Stramaledettissima sirena.
«Forse la situazione non è così nera come appare.»
«Dici? Perché a me, Kanon, sembra di brancolare nel buio!»
«Brancoliamo in due.»
«In tre», s’intromise Athina. «Io ci sono dentro fino al collo, tanto quanto voi.»
Li fissò a lungo, prima l’uno, poi l’altro. Testardi. Greci. Maschi. Non si doveva abbassare ad uno scontro di forza, con loro. Avrebbe sortito l’effetto contrario.
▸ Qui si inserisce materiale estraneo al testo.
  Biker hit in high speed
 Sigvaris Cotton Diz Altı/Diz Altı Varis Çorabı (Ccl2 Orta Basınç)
Avrebbe dovuto giocare le proprie carte usando il ragionamento. La logica. Amavano pensare, giusto? Athina represse un sorrisetto e si preparò all’affondo.
«Sono una vostra compagna», ricordò loro. «Quindi, se andate da qualche parte, io vengo con voi.»
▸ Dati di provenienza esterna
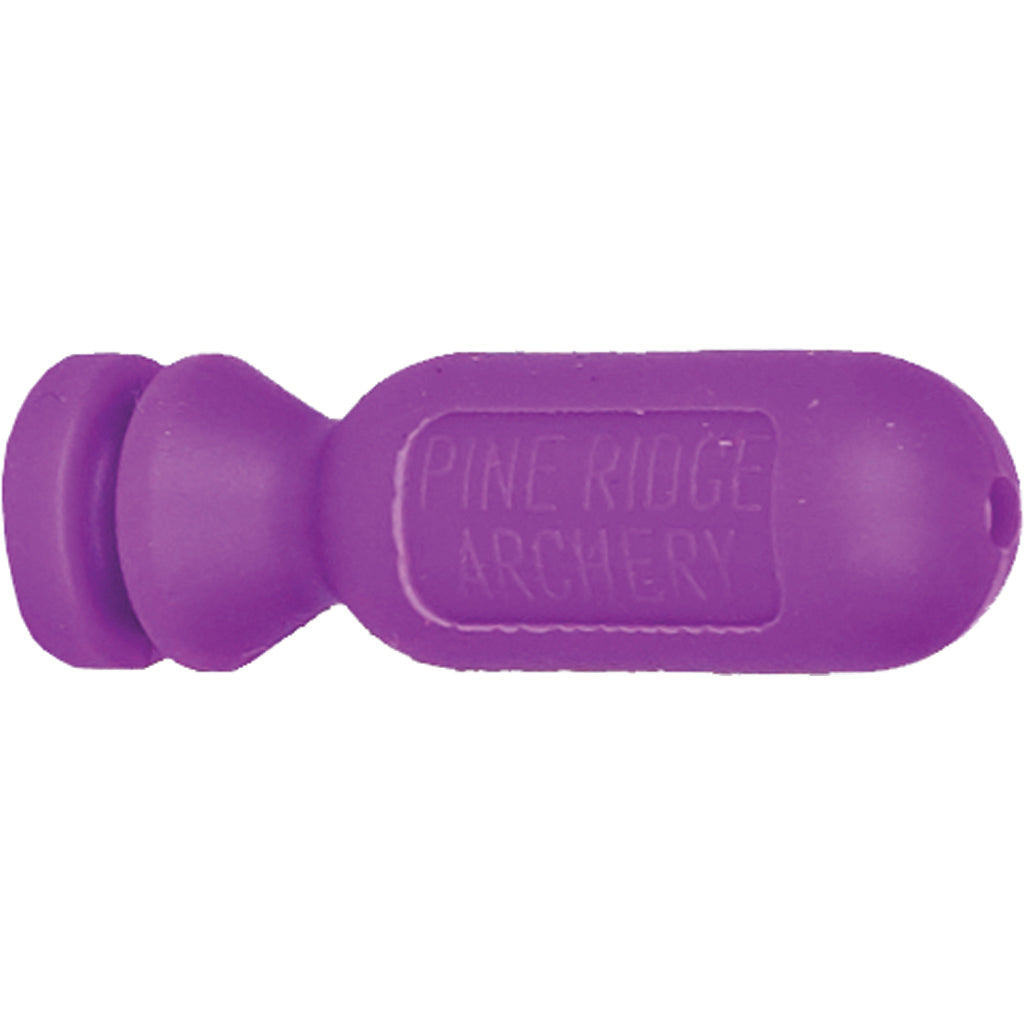 Pine Ridge Nitro Speed Bomb 2 pk. Purple Bowstring Nock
«Potresti essere in combutta con Gemini.»
«Potrei», concesse lei. Milo si accigliò. Oh, tu ti accigli, caro. E io cosa dovrei dire? Speravo fossi più sveglio… «Ma se così fosse, non sarebbe meglio tenermi sott’occhio?»
«Giusto. Ma Gemini ci ha fregato proprio in questo modo.»
«Confido sul fatto che mi marcherete stretto. Sarebbe increscioso cadere due volte nello stesso tranello, giusto?»
«Vero.»
Kanon era stanco. Stanco di tutte quelle novità, stanco di fare da balia a due mocciosi che sprecavano il tempo battibeccando come galline per un granello di mais. Non c’era tempo per quelle stronzate. Se quei due avessero voluto azzuffarsi come gatti in calore, facessero pure; non era qualcosa che interessasse a Kanon. Concludere la missione, quello sì che era affare suo. E prima l’avessero risolta, meglio sarebbe stato per tutti. Quindi, bambini, state zitti. Papà deve pensare. «Non ci resta che prendere armi e bagagli e partire per il Santuario.»
«Preparo le mie cose», disse lei alzandosi. «Ci facciamo dare un passaggio da mio nonno non appena rientra.»
«Tra quanto dovrebbe tornare tuo nonno?», domandò Milo.
Athina lanciò uno sguardo all’orologio che portava al polso. «Non molto. Un’ora. Due al massimo, ma non credo che troverà ressa al mercato», rispose. «A quest’ora, non ci sarà nessuno.»
Milo annuì. Si alzò, nell’ennesimo clang della sua armatura, e aprì la bocca per dire qualcosa, ma lei lo interruppe.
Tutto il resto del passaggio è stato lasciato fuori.